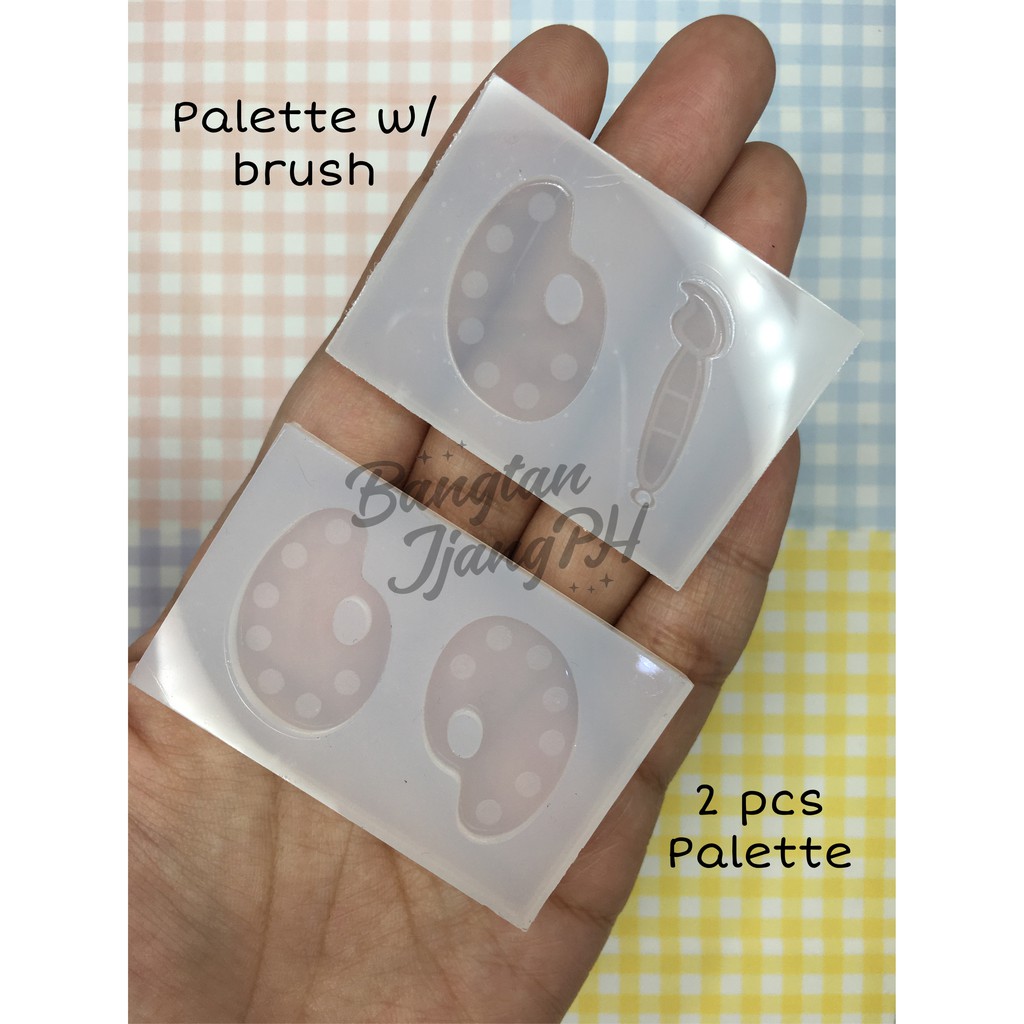 MINI PAINT PALETTE RESIN SILICONE MOLDS Shopee Philippines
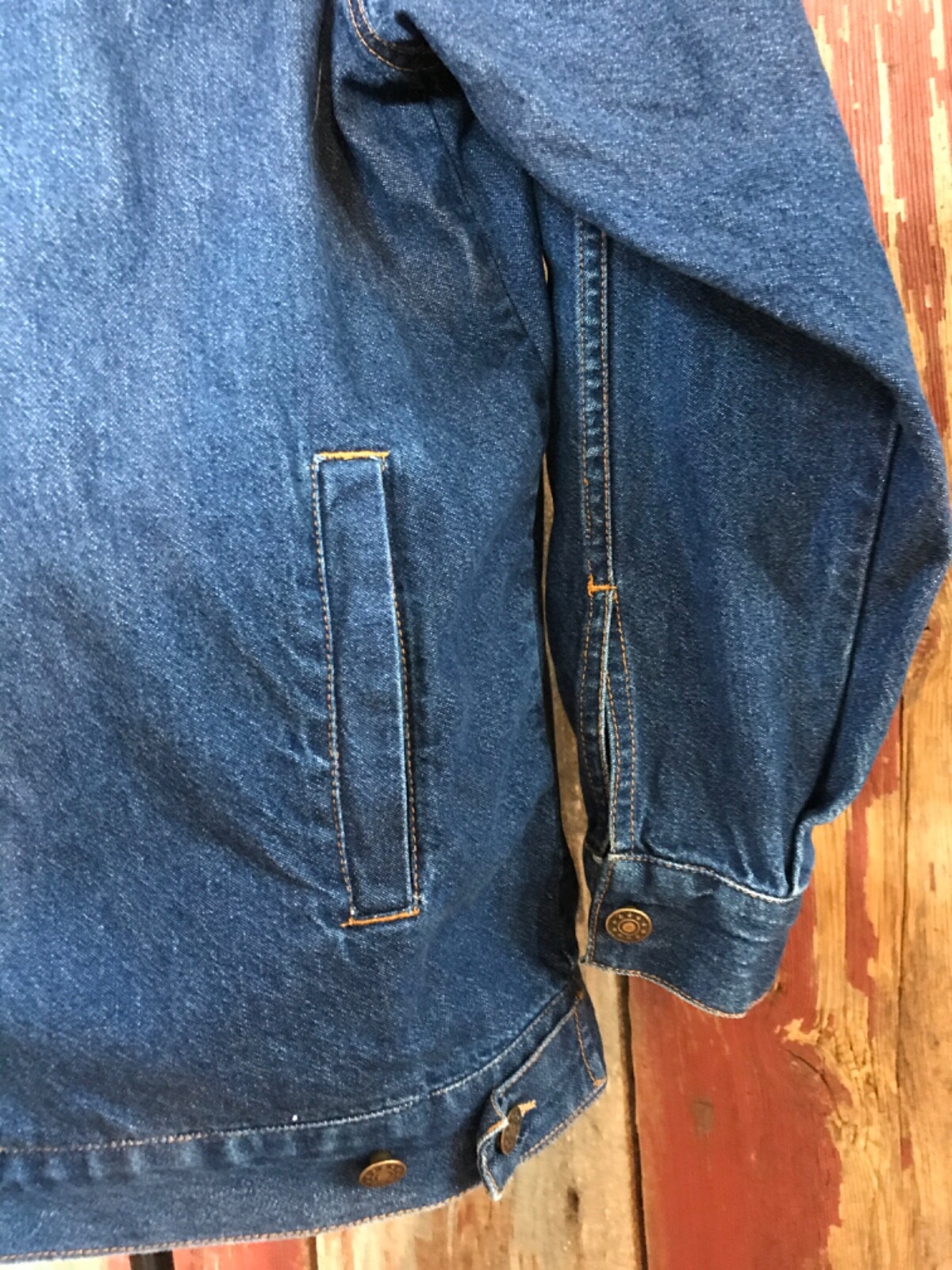 Silver Threads Denim Jean Jacket Embroidered Bird… - image 5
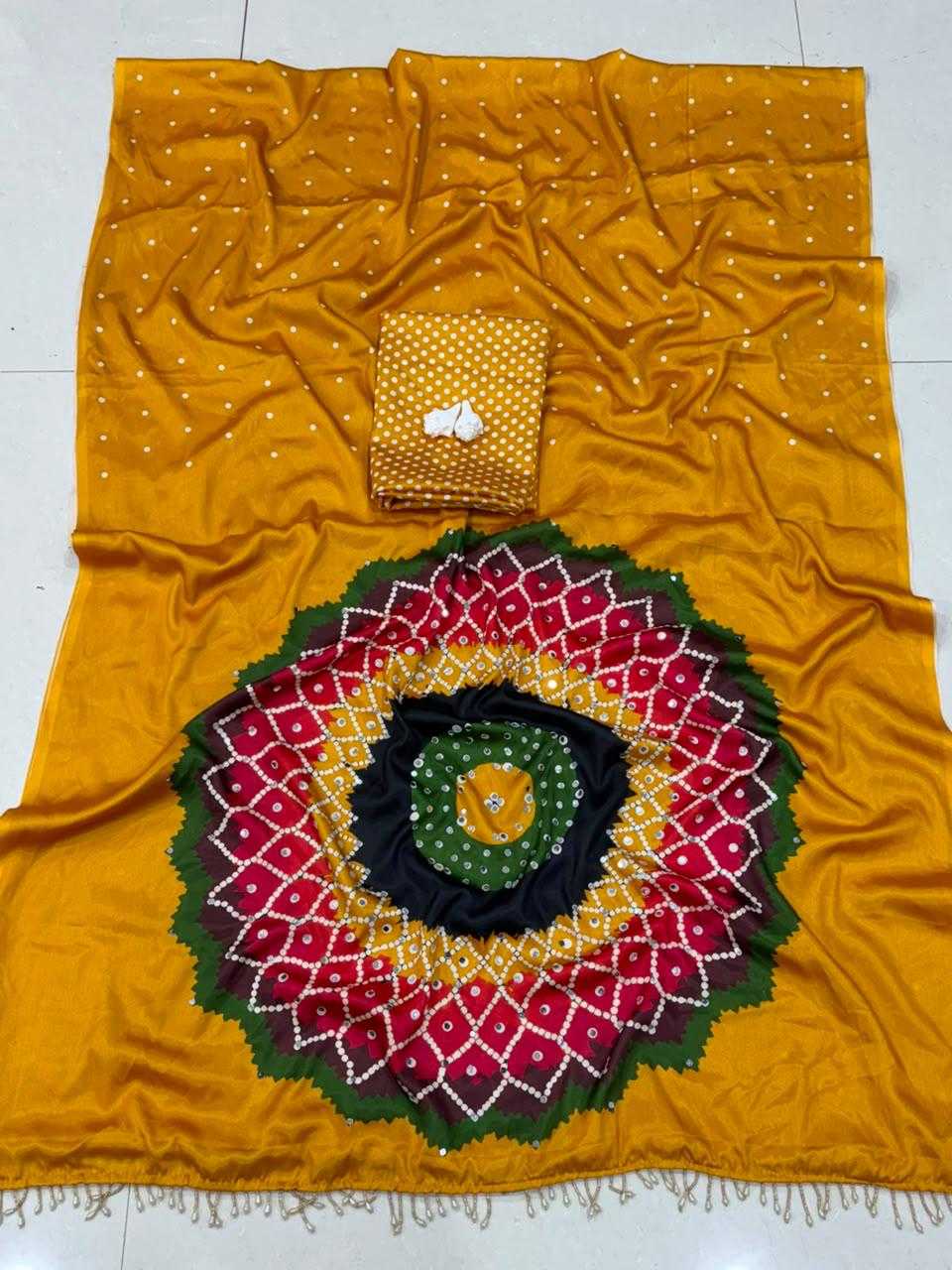 Lar Crepe Printed Saree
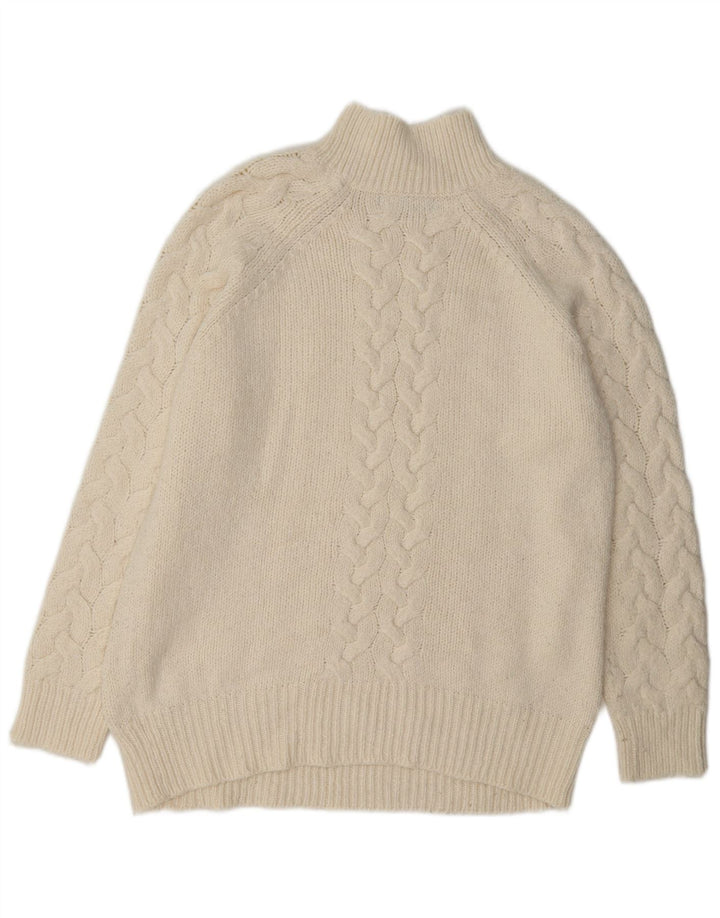 Pulover cu gât țestoasă pentru femei Marks & Spencer UK 14 Medium Off White Cl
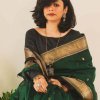 Bottle Green Silk woven Saree DV430-5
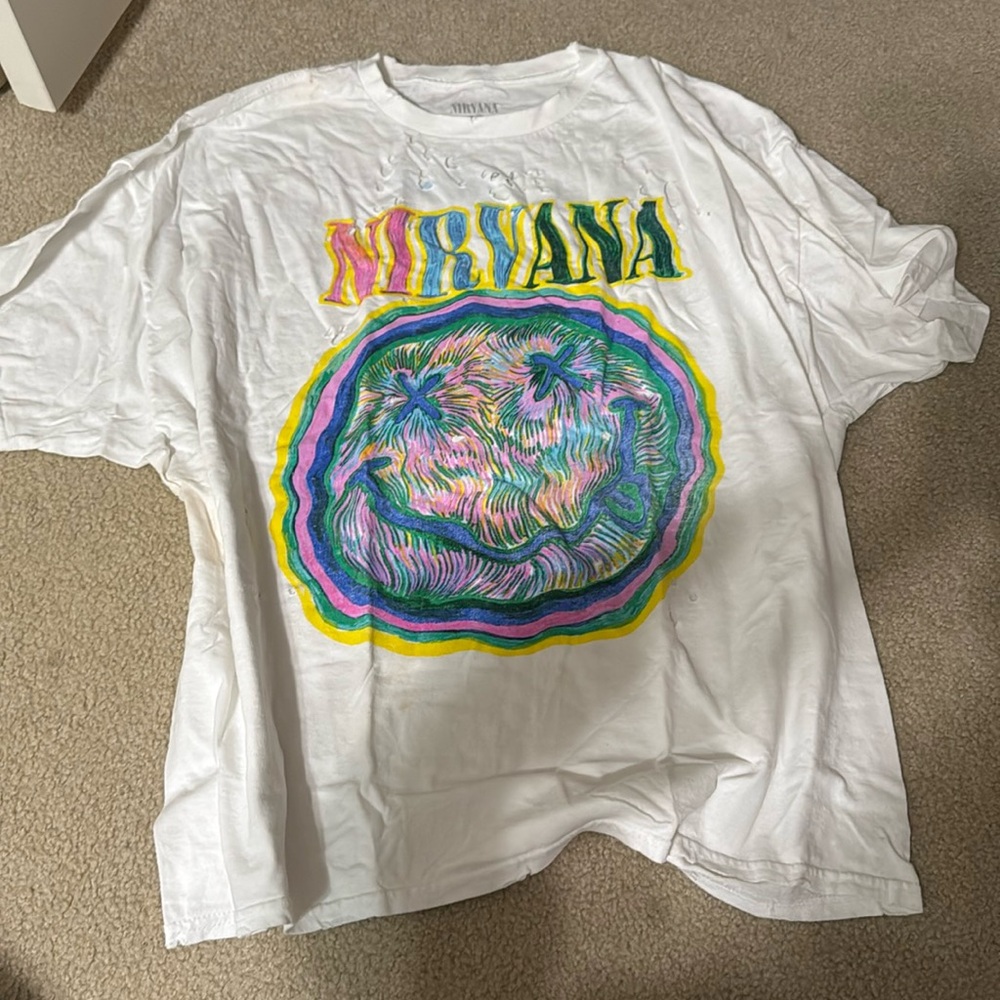 Urban Outfitters oversized Nirvana top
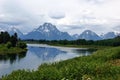 Lake in Teton National Park Royalty Free Stock Photo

WHAT YOU ARE ASKED TO DO
Reproduce the entries above exactly, though not their pictures.

RESPONSE AREA
 MINI PAINT PALETTE RESIN SILICONE MOLDS Shopee Philippines
 Silver Threads Denim Jean Jacket Embroidered Bird… - image 5
 Lar Crepe Printed Saree
 Pulover cu gât țestoasă pentru femei Marks & Spencer UK 14 Medium Off White Cl
 Bottle Green Silk woven Saree DV430-5
 Urban Outfitters oversized Nirvana top
 Lake in Teton National Park Royalty Free Stock Photo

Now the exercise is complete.